Most Budgets are fairly uneventful affairs these days, but not this one. Since I can remember, us punters have always waited in trepidation to find out what popular items the tax would go up on next.
A penny or more on a pint? Ten, 20p or 30p on a packet of cigarettes? It did not seem like a real Budget if there had not been some price hike on those small personal pleasures of life. Why, I can even remember back in the 1960s Harold Wilson’s government bringing in a new tax on crisps to benefit from their popularity.
Us kids were dumbfounded, no more little blue bags of salt to be shaken over Smith’s Crisps in the playground. Instead, our penny-conscious parents gave us stalks of rhubarb to munch on.
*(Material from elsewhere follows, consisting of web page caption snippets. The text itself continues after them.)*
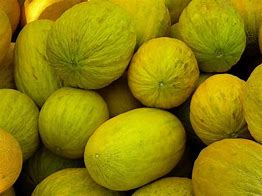 Image result for Unripe Crenshaw Melon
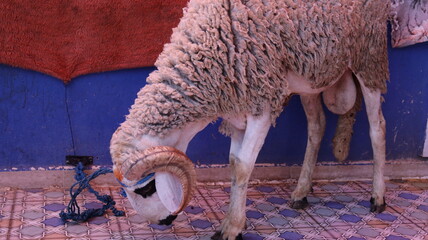 Sardi sheep inside traditional Moroccan home for Eid al-Adha © Azedine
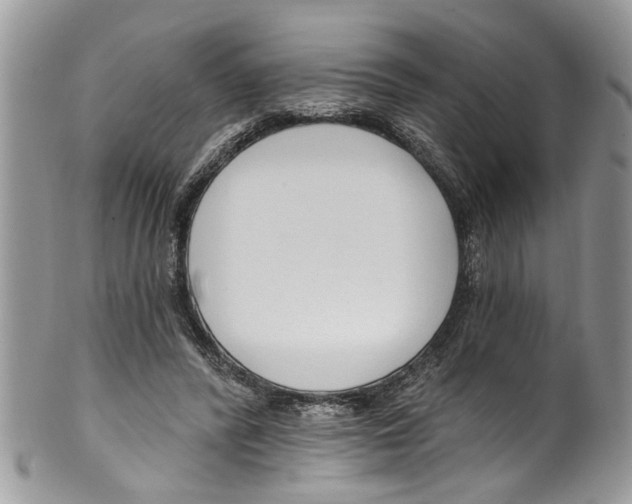 X0000099580400200806131323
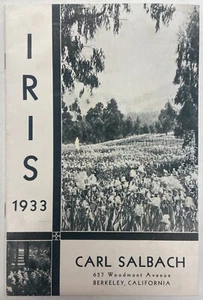 1933 - Iris - Carl Salbach - Bild 1 von 5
We would dip them in paper bags holding granulated sugar (posh kids got castor sugar).
Streetwise kids would establish supplies of Golden Wonder contraband that soon devoured our pocket money.
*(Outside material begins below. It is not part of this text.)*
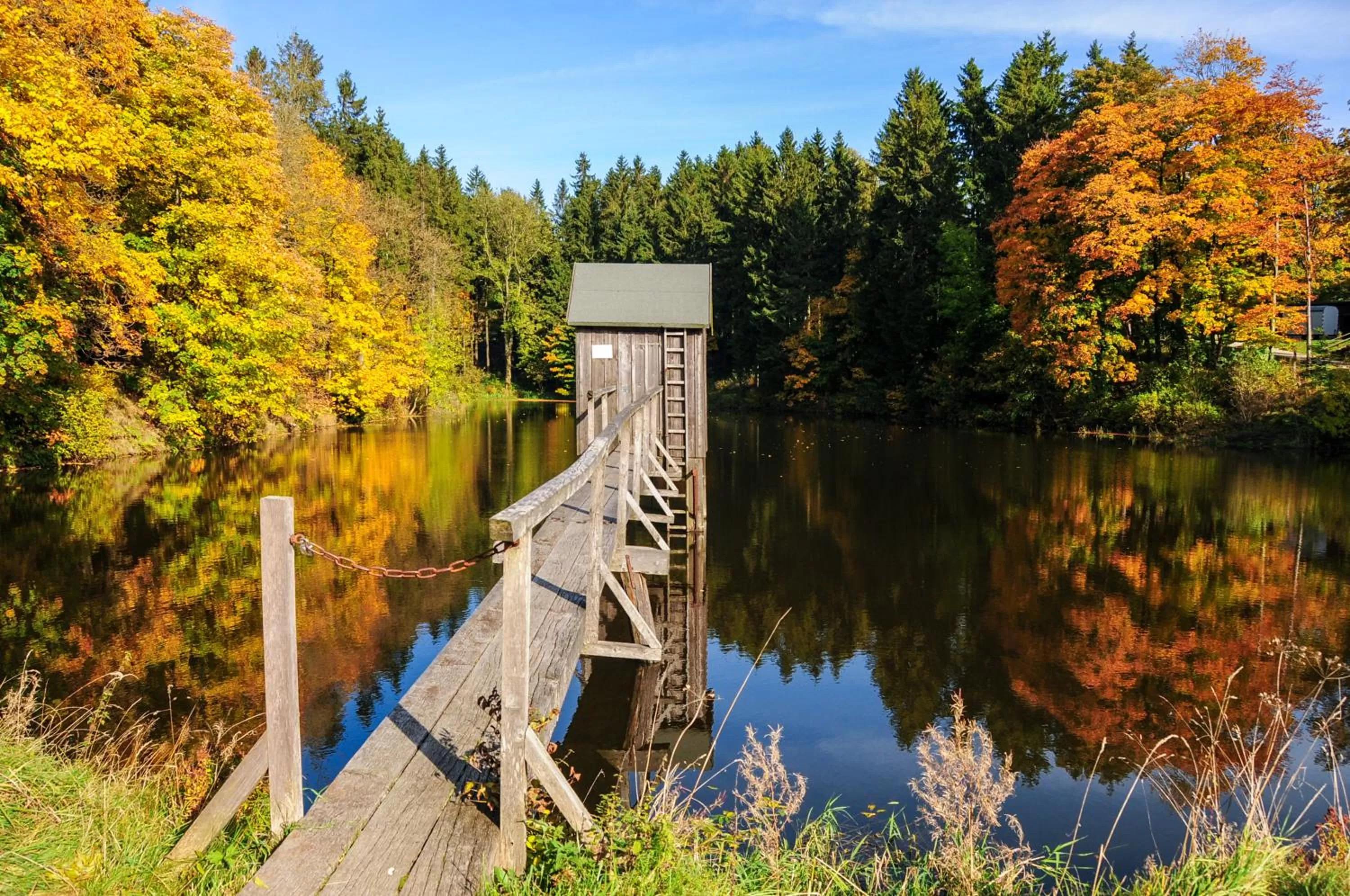 Day in Hotel Zum Harzer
But I digress. My point is, Budgets since time immemorial have generally been affairs you wanted to forget, as cash-strapped governments were always finding new wheezes to relieve people of their hard-won earnings.
Queues would form at the petrol station to beat the pump price going up at 6.30pm or supermarket shelves would be cleared of spirits before higher duty could be charged. Then, in the 1970s as the economy lurched from one crisis to the next, chancellors of all colours would introduce mini-budgets – hitting the punter with what was later to be called a “double whammy”.
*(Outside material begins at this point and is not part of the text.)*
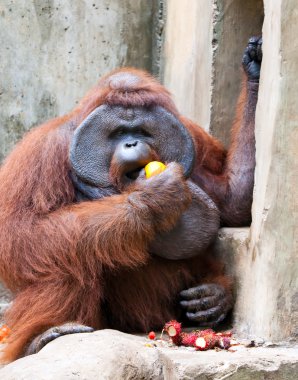 büyük orangutan turuncu yiyecek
So, this year it is a welcome change to see Chancellor George Osborne cutting a penny off a pint for the second year in a row and halving bingo tax from 20 per cent to ten per cent.
Other goodies included the freeze on spirit duties like whisky, the abolition of the alcohol tax escalator that had put duties up two per cent above inflation automatically and the dropping of the rise in petrol duty planned for September.
Better still is the raising of the threshold at which income tax starts to £10,500 – a great achievement when you consider Labour chancellors had let it languish at £6475 in the bad old days of super-boom and mega-bust.
Labour leader Ed Miliband can talk about the cost of living crisis all he wants – but as the former minister responsible for messing up the electricity market that makes it so expensive, I doubt he would have done any of these popular moves if given the chance.
However, it is not these long overdue but no less welcome reductions in what are incorrectly called “sin taxes” that make this an especially interesting or attractive Budget. What is different about it is the attempt to reform savings and pensions – this is a bold move that deserves to be a success and we could all be winners.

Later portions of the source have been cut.